**Task**
Give the entries again, exactly as written.

^^^^

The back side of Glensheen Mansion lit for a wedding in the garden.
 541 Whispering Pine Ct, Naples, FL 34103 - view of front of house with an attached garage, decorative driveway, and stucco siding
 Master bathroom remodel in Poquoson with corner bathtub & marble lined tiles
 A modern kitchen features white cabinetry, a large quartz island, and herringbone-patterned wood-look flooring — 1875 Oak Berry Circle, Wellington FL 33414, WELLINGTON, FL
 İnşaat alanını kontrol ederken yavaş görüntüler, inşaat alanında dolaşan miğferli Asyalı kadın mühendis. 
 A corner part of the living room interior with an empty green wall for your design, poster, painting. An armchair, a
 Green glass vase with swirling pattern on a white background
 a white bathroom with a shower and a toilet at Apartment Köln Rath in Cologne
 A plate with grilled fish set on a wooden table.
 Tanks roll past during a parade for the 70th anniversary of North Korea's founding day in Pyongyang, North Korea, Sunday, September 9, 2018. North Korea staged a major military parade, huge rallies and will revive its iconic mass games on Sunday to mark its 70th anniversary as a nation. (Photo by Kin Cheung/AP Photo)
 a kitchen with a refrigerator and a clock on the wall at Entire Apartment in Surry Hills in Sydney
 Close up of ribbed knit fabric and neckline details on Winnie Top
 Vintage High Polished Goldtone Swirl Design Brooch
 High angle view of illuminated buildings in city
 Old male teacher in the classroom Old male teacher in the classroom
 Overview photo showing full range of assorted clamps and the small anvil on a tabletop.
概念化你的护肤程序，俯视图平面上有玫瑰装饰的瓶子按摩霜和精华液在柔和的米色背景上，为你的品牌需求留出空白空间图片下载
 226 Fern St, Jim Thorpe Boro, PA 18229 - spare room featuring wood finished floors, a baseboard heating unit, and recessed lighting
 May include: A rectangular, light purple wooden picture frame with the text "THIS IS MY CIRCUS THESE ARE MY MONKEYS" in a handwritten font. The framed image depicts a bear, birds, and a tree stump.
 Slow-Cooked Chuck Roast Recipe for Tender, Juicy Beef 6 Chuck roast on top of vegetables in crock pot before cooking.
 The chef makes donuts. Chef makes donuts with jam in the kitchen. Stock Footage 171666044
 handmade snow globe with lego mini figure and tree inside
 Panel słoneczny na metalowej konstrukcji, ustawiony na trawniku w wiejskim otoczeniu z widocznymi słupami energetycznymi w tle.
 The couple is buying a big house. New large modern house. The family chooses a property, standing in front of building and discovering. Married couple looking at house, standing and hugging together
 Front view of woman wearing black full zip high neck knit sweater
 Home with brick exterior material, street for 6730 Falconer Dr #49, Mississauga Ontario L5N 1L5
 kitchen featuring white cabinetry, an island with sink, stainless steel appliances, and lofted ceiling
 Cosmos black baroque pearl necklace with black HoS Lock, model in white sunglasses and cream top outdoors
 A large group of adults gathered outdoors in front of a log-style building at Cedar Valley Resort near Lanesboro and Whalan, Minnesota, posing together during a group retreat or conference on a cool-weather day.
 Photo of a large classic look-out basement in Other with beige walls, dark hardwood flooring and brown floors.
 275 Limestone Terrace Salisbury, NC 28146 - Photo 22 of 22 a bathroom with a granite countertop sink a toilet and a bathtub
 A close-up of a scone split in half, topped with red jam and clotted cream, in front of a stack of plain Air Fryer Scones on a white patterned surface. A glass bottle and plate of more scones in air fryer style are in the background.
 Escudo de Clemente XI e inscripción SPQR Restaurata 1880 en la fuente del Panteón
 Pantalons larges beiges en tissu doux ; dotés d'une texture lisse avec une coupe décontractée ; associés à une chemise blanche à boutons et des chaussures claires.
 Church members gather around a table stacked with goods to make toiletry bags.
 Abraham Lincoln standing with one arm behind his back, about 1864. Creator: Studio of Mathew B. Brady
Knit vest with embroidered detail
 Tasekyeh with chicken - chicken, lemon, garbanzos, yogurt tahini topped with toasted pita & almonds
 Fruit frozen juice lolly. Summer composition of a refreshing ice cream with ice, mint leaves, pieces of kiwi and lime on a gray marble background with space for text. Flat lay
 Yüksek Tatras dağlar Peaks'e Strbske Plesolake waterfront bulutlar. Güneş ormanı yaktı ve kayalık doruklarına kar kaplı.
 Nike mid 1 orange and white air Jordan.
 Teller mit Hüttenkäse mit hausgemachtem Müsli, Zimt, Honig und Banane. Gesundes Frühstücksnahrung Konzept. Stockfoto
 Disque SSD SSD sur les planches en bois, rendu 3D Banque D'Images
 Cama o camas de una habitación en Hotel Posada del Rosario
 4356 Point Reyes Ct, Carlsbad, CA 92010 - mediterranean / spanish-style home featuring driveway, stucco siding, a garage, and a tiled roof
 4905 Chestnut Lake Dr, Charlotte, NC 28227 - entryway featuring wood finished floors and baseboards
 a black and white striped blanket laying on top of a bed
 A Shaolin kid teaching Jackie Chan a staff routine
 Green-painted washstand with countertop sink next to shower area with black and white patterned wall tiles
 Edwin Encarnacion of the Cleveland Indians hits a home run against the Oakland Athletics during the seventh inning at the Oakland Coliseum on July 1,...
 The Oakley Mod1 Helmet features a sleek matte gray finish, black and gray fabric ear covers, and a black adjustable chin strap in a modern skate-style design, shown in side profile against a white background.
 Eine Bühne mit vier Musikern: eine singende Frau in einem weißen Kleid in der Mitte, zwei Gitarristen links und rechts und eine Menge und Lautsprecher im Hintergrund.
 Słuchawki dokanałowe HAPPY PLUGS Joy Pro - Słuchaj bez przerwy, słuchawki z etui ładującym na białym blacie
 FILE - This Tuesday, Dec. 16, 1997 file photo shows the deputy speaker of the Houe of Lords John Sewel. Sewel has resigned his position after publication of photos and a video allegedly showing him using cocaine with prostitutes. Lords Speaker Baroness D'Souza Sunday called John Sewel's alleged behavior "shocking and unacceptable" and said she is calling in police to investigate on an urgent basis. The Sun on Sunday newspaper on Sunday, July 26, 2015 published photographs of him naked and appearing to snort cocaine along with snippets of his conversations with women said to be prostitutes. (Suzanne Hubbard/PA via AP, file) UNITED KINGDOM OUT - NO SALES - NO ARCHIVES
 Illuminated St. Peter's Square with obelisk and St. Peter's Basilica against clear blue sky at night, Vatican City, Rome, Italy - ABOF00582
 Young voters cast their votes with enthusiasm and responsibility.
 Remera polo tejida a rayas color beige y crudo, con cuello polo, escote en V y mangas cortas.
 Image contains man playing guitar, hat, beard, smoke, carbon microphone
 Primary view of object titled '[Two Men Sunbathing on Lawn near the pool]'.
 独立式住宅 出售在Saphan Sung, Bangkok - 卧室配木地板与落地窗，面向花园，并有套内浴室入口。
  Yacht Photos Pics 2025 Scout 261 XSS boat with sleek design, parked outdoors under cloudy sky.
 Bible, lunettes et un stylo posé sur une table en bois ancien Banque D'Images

^^^^

**Answer to the exercise**
The back side of Glensheen Mansion lit for a wedding in the garden.
 541 Whispering Pine Ct, Naples, FL 34103 - view of front of house with an attached garage, decorative driveway, and stucco siding
 Master bathroom remodel in Poquoson with corner bathtub & marble lined tiles
 A modern kitchen features white cabinetry, a large quartz island, and herringbone-patterned wood-look flooring — 1875 Oak Berry Circle, Wellington FL 33414, WELLINGTON, FL
 İnşaat alanını kontrol ederken yavaş görüntüler, inşaat alanında dolaşan miğferli Asyalı kadın mühendis. 
 A corner part of the living room interior with an empty green wall for your design, poster, painting. An armchair, a
 Green glass vase with swirling pattern on a white background
 a white bathroom with a shower and a toilet at Apartment Köln Rath in Cologne
 A plate with grilled fish set on a wooden table.
 Tanks roll past during a parade for the 70th anniversary of North Korea's founding day in Pyongyang, North Korea, Sunday, September 9, 2018. North Korea staged a major military parade, huge rallies and will revive its iconic mass games on Sunday to mark its 70th anniversary as a nation. (Photo by Kin Cheung/AP Photo)
 a kitchen with a refrigerator and a clock on the wall at Entire Apartment in Surry Hills in Sydney
 Close up of ribbed knit fabric and neckline details on Winnie Top
 Vintage High Polished Goldtone Swirl Design Brooch
 High angle view of illuminated buildings in city
 Old male teacher in the classroom Old male teacher in the classroom
 Overview photo showing full range of assorted clamps and the small anvil on a tabletop.
概念化你的护肤程序，俯视图平面上有玫瑰装饰的瓶子按摩霜和精华液在柔和的米色背景上，为你的品牌需求留出空白空间图片下载
 226 Fern St, Jim Thorpe Boro, PA 18229 - spare room featuring wood finished floors, a baseboard heating unit, and recessed lighting
 May include: A rectangular, light purple wooden picture frame with the text "THIS IS MY CIRCUS THESE ARE MY MONKEYS" in a handwritten font. The framed image depicts a bear, birds, and a tree stump.
 Slow-Cooked Chuck Roast Recipe for Tender, Juicy Beef 6 Chuck roast on top of vegetables in crock pot before cooking.
 The chef makes donuts. Chef makes donuts with jam in the kitchen. Stock Footage 171666044
 handmade snow globe with lego mini figure and tree inside
 Panel słoneczny na metalowej konstrukcji, ustawiony na trawniku w wiejskim otoczeniu z widocznymi słupami energetycznymi w tle.
 The couple is buying a big house. New large modern house. The family chooses a property, standing in front of building and discovering. Married couple looking at house, standing and hugging together
 Front view of woman wearing black full zip high neck knit sweater
 Home with brick exterior material, street for 6730 Falconer Dr #49, Mississauga Ontario L5N 1L5
 kitchen featuring white cabinetry, an island with sink, stainless steel appliances, and lofted ceiling
 Cosmos black baroque pearl necklace with black HoS Lock, model in white sunglasses and cream top outdoors
 A large group of adults gathered outdoors in front of a log-style building at Cedar Valley Resort near Lanesboro and Whalan, Minnesota, posing together during a group retreat or conference on a cool-weather day.
 Photo of a large classic look-out basement in Other with beige walls, dark hardwood flooring and brown floors.
 275 Limestone Terrace Salisbury, NC 28146 - Photo 22 of 22 a bathroom with a granite countertop sink a toilet and a bathtub
 A close-up of a scone split in half, topped with red jam and clotted cream, in front of a stack of plain Air Fryer Scones on a white patterned surface. A glass bottle and plate of more scones in air fryer style are in the background.
 Escudo de Clemente XI e inscripción SPQR Restaurata 1880 en la fuente del Panteón
 Pantalons larges beiges en tissu doux ; dotés d'une texture lisse avec une coupe décontractée ; associés à une chemise blanche à boutons et des chaussures claires.
 Church members gather around a table stacked with goods to make toiletry bags.
 Abraham Lincoln standing with one arm behind his back, about 1864. Creator: Studio of Mathew B. Brady
Knit vest with embroidered detail
 Tasekyeh with chicken - chicken, lemon, garbanzos, yogurt tahini topped with toasted pita & almonds
 Fruit frozen juice lolly. Summer composition of a refreshing ice cream with ice, mint leaves, pieces of kiwi and lime on a gray marble background with space for text. Flat lay
 Yüksek Tatras dağlar Peaks'e Strbske Plesolake waterfront bulutlar. Güneş ormanı yaktı ve kayalık doruklarına kar kaplı.
 Nike mid 1 orange and white air Jordan.
 Teller mit Hüttenkäse mit hausgemachtem Müsli, Zimt, Honig und Banane. Gesundes Frühstücksnahrung Konzept. Stockfoto
 Disque SSD SSD sur les planches en bois, rendu 3D Banque D'Images
 Cama o camas de una habitación en Hotel Posada del Rosario
 4356 Point Reyes Ct, Carlsbad, CA 92010 - mediterranean / spanish-style home featuring driveway, stucco siding, a garage, and a tiled roof
 4905 Chestnut Lake Dr, Charlotte, NC 28227 - entryway featuring wood finished floors and baseboards
 a black and white striped blanket laying on top of a bed
 A Shaolin kid teaching Jackie Chan a staff routine
 Green-painted washstand with countertop sink next to shower area with black and white patterned wall tiles
 Edwin Encarnacion of the Cleveland Indians hits a home run against the Oakland Athletics during the seventh inning at the Oakland Coliseum on July 1,...
 The Oakley Mod1 Helmet features a sleek matte gray finish, black and gray fabric ear covers, and a black adjustable chin strap in a modern skate-style design, shown in side profile against a white background.
 Eine Bühne mit vier Musikern: eine singende Frau in einem weißen Kleid in der Mitte, zwei Gitarristen links und rechts und eine Menge und Lautsprecher im Hintergrund.
 Słuchawki dokanałowe HAPPY PLUGS Joy Pro - Słuchaj bez przerwy, słuchawki z etui ładującym na białym blacie
 FILE - This Tuesday, Dec. 16, 1997 file photo shows the deputy speaker of the Houe of Lords John Sewel. Sewel has resigned his position after publication of photos and a video allegedly showing him using cocaine with prostitutes. Lords Speaker Baroness D'Souza Sunday called John Sewel's alleged behavior "shocking and unacceptable" and said she is calling in police to investigate on an urgent basis. The Sun on Sunday newspaper on Sunday, July 26, 2015 published photographs of him naked and appearing to snort cocaine along with snippets of his conversations with women said to be prostitutes. (Suzanne Hubbard/PA via AP, file) UNITED KINGDOM OUT - NO SALES - NO ARCHIVES
 Illuminated St. Peter's Square with obelisk and St. Peter's Basilica against clear blue sky at night, Vatican City, Rome, Italy - ABOF00582
 Young voters cast their votes with enthusiasm and responsibility.
 Remera polo tejida a rayas color beige y crudo, con cuello polo, escote en V y mangas cortas.
 Image contains man playing guitar, hat, beard, smoke, carbon microphone
 Primary view of object titled '[Two Men Sunbathing on Lawn near the pool]'.
 独立式住宅 出售在Saphan Sung, Bangkok - 卧室配木地板与落地窗，面向花园，并有套内浴室入口。
  Yacht Photos Pics 2025 Scout 261 XSS boat with sleek design, parked outdoors under cloudy sky.
 Bible, lunettes et un stylo posé sur une table en bois ancien Banque D'Images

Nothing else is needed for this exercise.